電離平衡は、化学平衡の一種なので基本的な考え方は化学平衡と同じです。ただし電離平衡が対象としているものは弱酸と弱塩基で、これらの性質によって気体の平衡とは少し違った考え方をする部分もあります。今回は特にその点に注意しながら解説していきます。

弱酸・弱塩基の性質

まずは弱酸と弱塩基の性質を確認します。

弱酸の代表例は酢酸で、弱塩基の代表例はアンモニアですが、このような弱酸と弱塩基は電離度が1よりも小さいです。ちなみに強酸と強塩基は電離度がほぼ1の酸と塩基のことです。

電離平衡で扱う弱酸と弱塩基は、0.02や0.01といった電離度が1よりもかなり小さい酸や塩基を扱います。
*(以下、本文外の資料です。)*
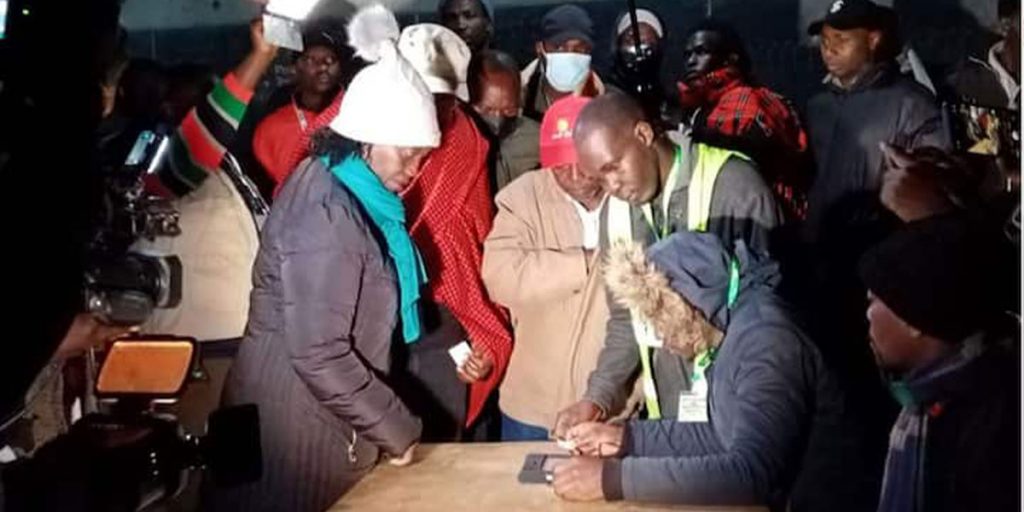 Martha Karua casting her vote in Kirinyaga County SRC: @Tuko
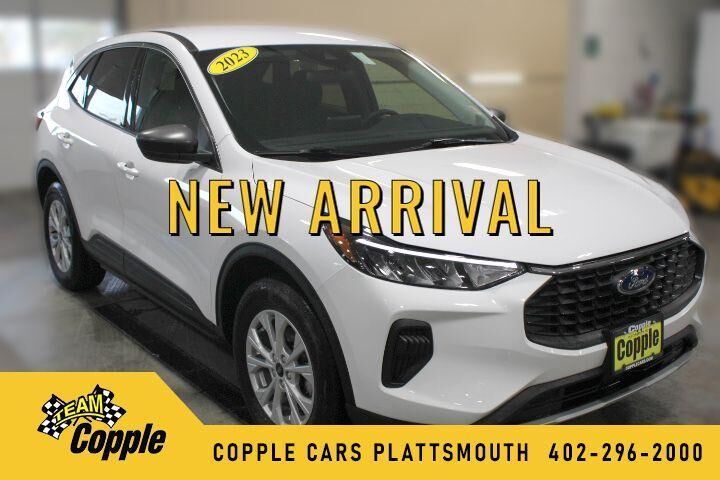 2023 FORD Escape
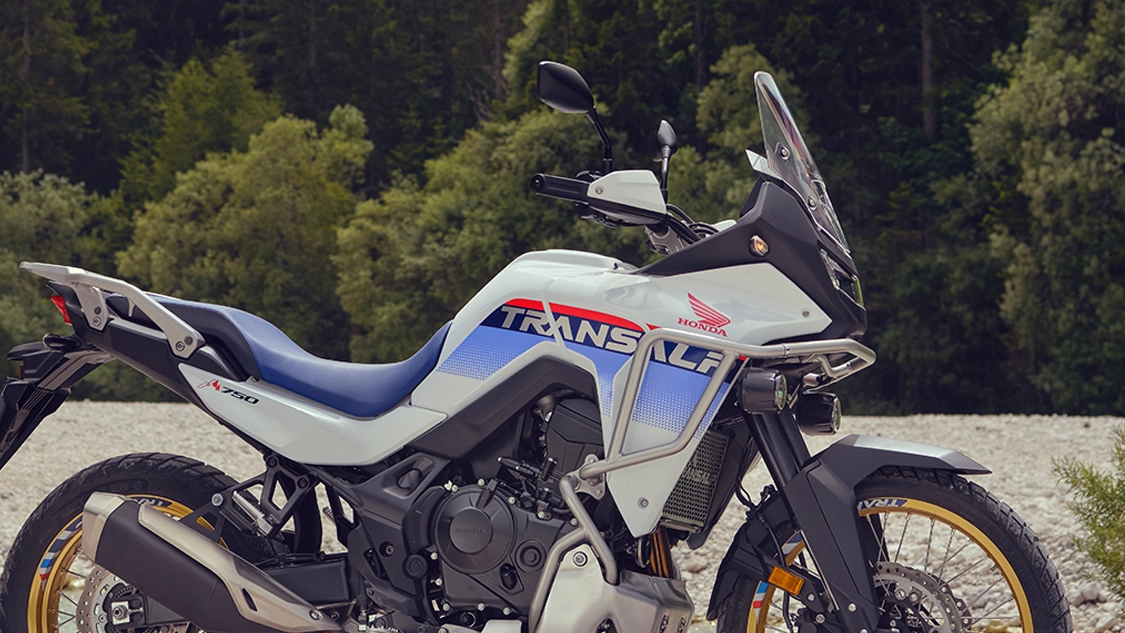 Vue arrière de la Honda XL750 Transalp en pleine nature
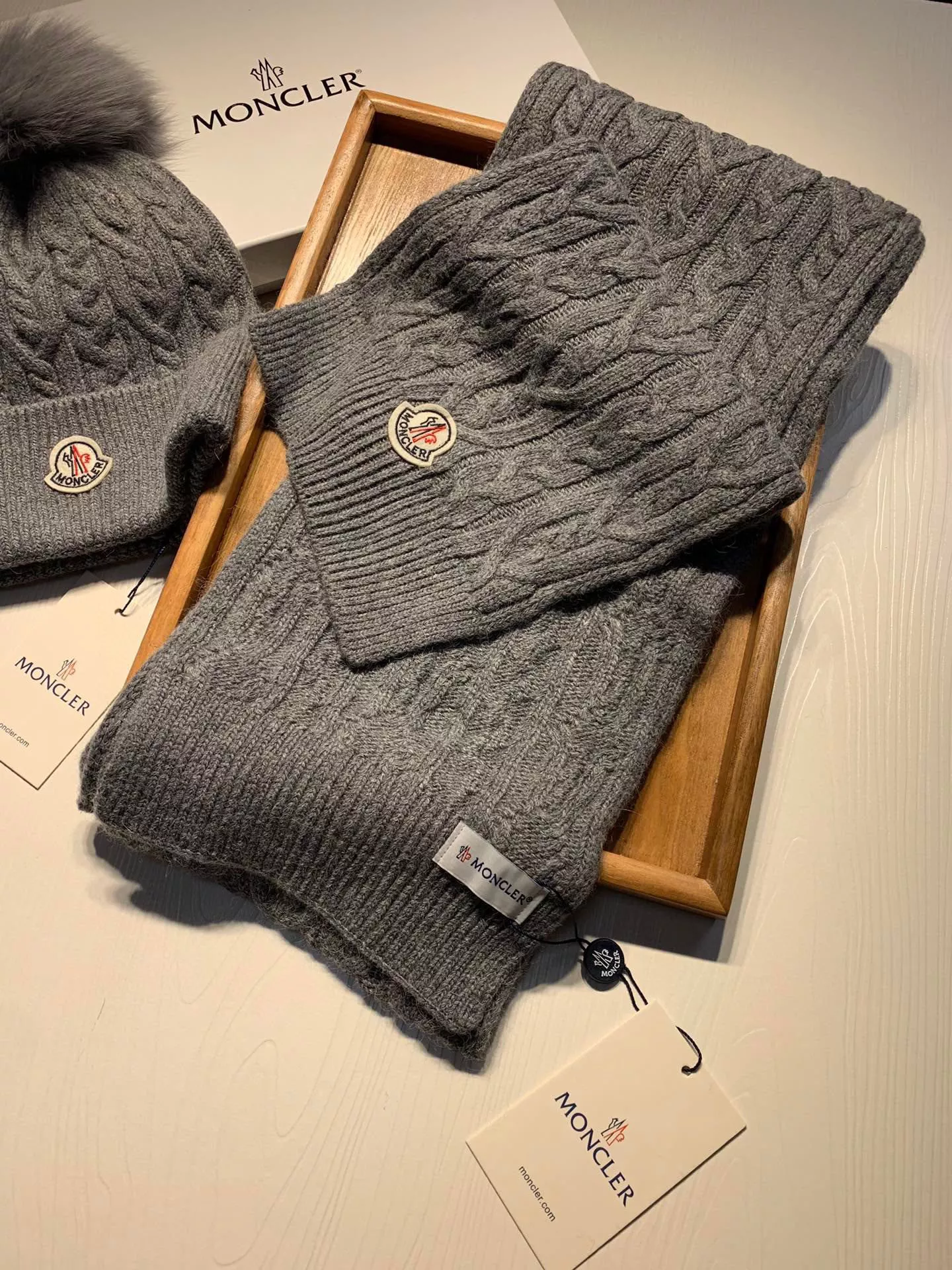 Elegant 9732 Moncler Hat and Scarf Set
そのため、酢酸は
CH3COOH ⇆ CH3COO+H
のように電離しますが、実際に酢酸イオンと水素イオンに電離している酢酸はほんの少ししかないということが、電離平衡を考える上で重要になってきます。

ここでポイントとなるのが電離度が1よりも小さいので「弱」酸、「弱」塩基とよばれていますが、それは別の視点で見てみると、元に戻ろうとする力が強い、あるいは水素イオンや水酸化物イオンとの結びつきが強いと考えることもできます。
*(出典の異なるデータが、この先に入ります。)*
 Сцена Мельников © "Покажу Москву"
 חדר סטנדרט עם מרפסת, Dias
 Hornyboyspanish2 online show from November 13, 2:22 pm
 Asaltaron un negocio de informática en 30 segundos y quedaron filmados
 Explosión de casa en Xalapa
つまり酢酸がほんの少ししか電離しないということは、酢酸は水素イオンとの結びつきが強く、水素イオンを離したがらないという性質を持っていると考えられます。弱酸や弱塩基は「弱いけど実は強い」という視点を持っておくと、電離平衡が理解しやすくなります。

電離平衡のイメージ

それでは弱酸と弱塩基の性質を踏まえて、電離平衡のイメージを確認します。

例えば、酢酸が電離するとき(CH3COOH⇆ CH3COO+H)は、酢酸の電離度はとても小さいので、酢酸のごく一部が酢酸イオンと水素イオンに電離します。
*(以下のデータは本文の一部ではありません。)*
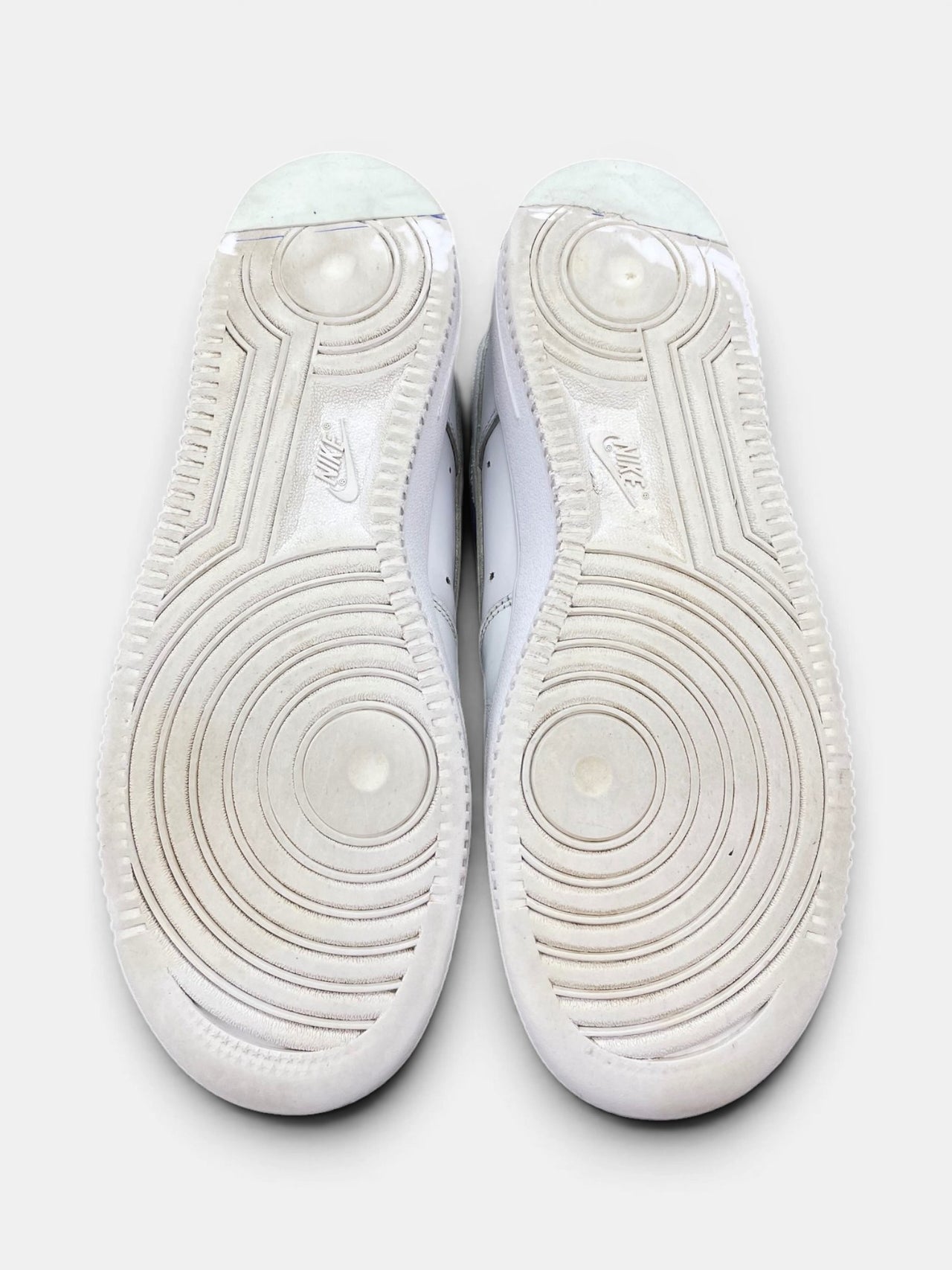 Nike Air Force 1 Low Triple White — buty sportowe męskie w bardzo dobrym stanie rozmiar 41, podeszwa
しかし、弱酸は「弱いけど実は強い」のでした。そのため、酢酸イオンを含む水溶液に水素イオンを加えると、酢酸イオンは強い力で水素イオンと結びつき、どちらかがほとんどなくなるまで酢酸に戻ろうとします。

このように酢酸と酢酸イオンと水素イオンが共存する水溶液では、多量の酢酸に対してほんのわずかな量の酢酸イオンと水素イオンが存在するというイメージを持っておくことが電離平衡を理解するための鍵となります。

電離平衡の計算方針

以上を踏まえて、電離平衡の計算方針を確認します。

電離平衡も化学平衡の一種なので、そのほかの平衡と同じように、温度を変えない限り平衡定数は一定となります。そのため、

Ka=[CH3COO][H]/[CH3COOH]

の関係を使って式を立てていくのが計算の基本的な方針となります。ちなみに電離平衡の場合、平衡定数のことを電離定数と呼びます。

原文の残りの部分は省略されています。